In the lungs the concentration of oxygen is high and the concentration of both hydrogen and CO2 is low. In peripheral issues the opposite is true, oxygen is lower, while hydrogen and CO2 (bicarbonate) are higher.
Christian Bohr discovered that pH differences existed between the lungs and the peripheral tissues. The tissues were slightly more acidic (pH=7.2) when compared to the lungs (pH=7.6). To a lesser extent (< 10%) hemoglobin also has the ability to carry carbon dioxide, albeit at different sites. The Bohr effect enables the body to adapt to changing conditions and makes it possible to supply extra oxygen to tissues that need it the most. Think about marathon runner or think about your firefighter colleague inside a working structure fire. Tissue demands increase as do the formation of waste products. The waste products lower the pH of the blood, which increases oxygen delivery (offloading) to the active muscles.
The oxyhemoglobin curve is represented by two variables. On the x-axis (horizonal) we have the partial pressure of oxygen in mmHg. On the y-axis (vertical) we have the percentage of binding sites that are filled expressed as a percentage. In other words, how much hemoglobin is saturated or occupied by oxygen. Historically the independent variable is known as the manipulated variable and resides on the x-axis. The dependent or responding variable or what is actually being measured is located on the y-axis. The oxygen saturation value explicitly DEPENDS on how you alter or change the PO2 in a given environment.
The curve is dynamic and not set in stone. Physiologic changes can make the above curve shift to the right or the left.
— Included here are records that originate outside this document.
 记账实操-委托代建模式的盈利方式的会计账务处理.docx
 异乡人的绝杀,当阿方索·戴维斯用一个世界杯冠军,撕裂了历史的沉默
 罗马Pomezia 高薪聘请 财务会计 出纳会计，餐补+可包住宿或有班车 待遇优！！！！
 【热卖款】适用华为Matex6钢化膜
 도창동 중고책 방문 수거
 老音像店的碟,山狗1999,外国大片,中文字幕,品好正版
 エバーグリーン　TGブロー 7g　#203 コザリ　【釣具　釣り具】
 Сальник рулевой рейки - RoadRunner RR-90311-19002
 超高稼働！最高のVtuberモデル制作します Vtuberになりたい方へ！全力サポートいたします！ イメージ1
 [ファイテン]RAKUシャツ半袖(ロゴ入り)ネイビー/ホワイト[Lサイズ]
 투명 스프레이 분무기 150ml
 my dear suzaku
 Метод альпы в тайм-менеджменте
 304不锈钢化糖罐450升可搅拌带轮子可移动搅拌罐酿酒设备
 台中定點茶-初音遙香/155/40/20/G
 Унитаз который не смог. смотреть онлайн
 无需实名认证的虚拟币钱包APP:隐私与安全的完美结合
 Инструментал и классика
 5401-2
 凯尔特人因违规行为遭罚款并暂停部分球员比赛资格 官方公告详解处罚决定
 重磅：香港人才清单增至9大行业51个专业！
I have always remembered this helpful mnemonic to keep things straight.
CADET - face right!! (Rightward shift means oxygen gets unloaded to the tissues and its affinity for hemoglobin subsequently decreases)
Increase in CO2
Acidosis (Decrease in pH)
DPG increase (common in anemia and other conditions)
Exercise
Increase is Temp
Logic tells us the curve will have a leftward shift (higher affinity of Hgb for oxygen) with the values above are switched as in alkalosis or when there is a decrease in temperature, as well as in cases of septic shock).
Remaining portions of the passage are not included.